▶ [Task brief] Only certain lines below are wanted: those starting at the line containing "Green Garden Art" and ending at the line containing "Breastmilk Cooler Bag", both included, each retyped exactly.

▶ [Records provided]
# # # #
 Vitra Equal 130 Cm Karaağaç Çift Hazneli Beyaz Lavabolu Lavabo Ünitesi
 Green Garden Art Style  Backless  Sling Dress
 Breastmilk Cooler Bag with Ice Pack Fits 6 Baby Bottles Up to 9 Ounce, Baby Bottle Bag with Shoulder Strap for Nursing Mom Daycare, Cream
# # # #
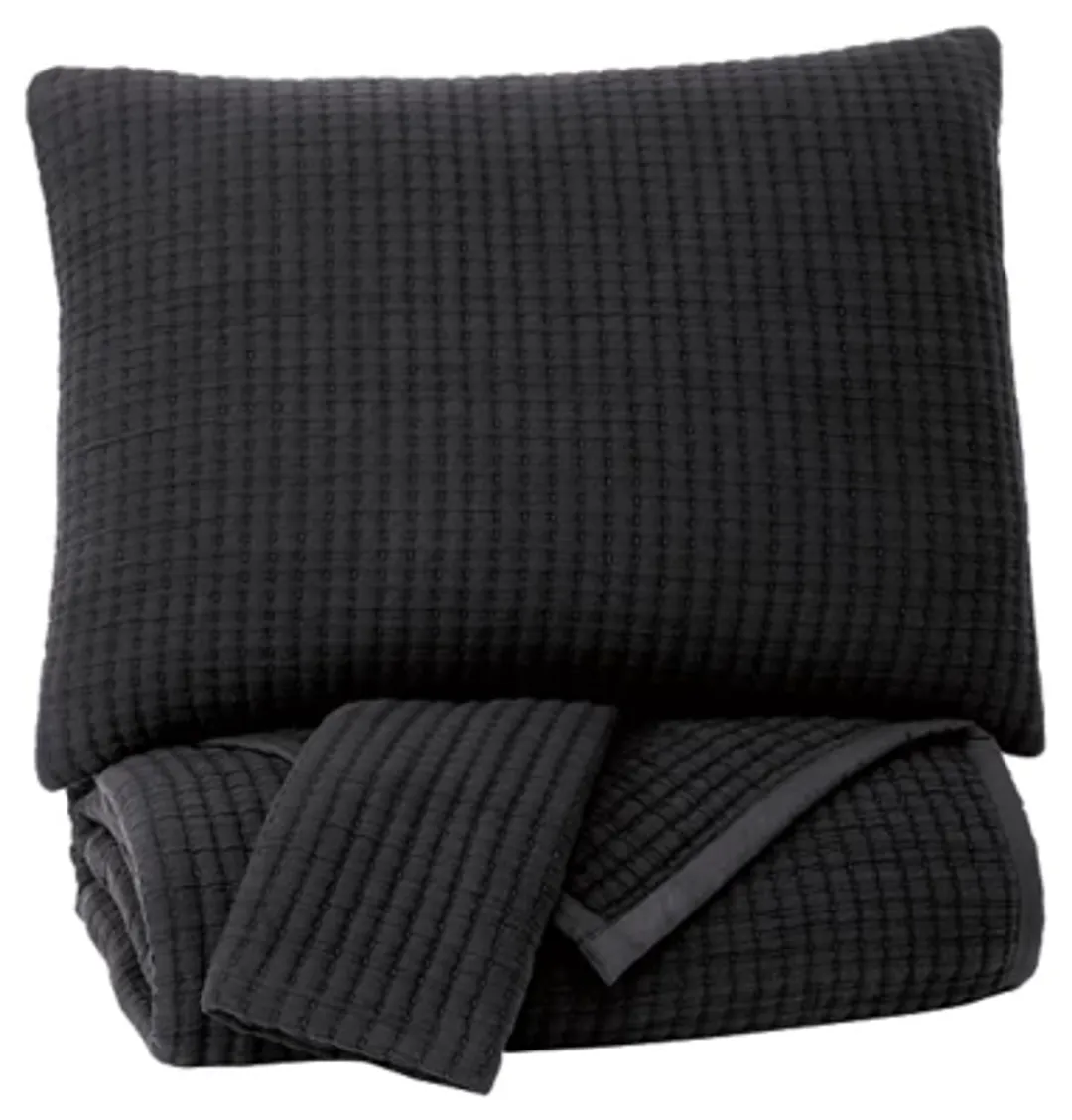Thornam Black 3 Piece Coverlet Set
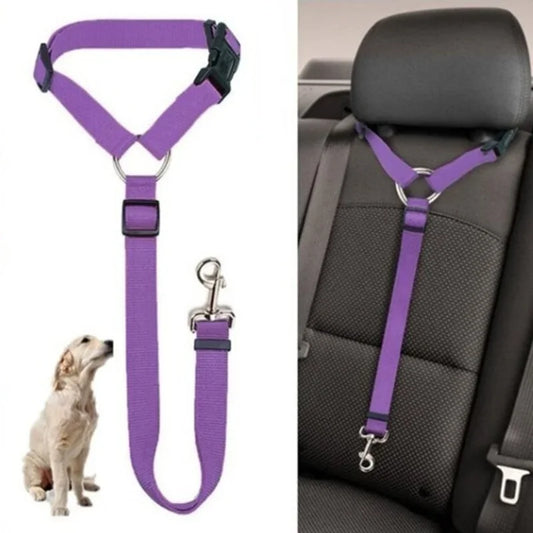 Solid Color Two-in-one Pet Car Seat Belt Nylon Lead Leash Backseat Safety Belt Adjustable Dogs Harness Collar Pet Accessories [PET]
# # # #
▶ [Solution to this task]
 Green Garden Art Style  Backless  Sling Dress
 Breastmilk Cooler Bag with Ice Pack Fits 6 Baby Bottles Up to 9 Ounce, Baby Bottle Bag with Shoulder Strap for Nursing Mom Daycare, Cream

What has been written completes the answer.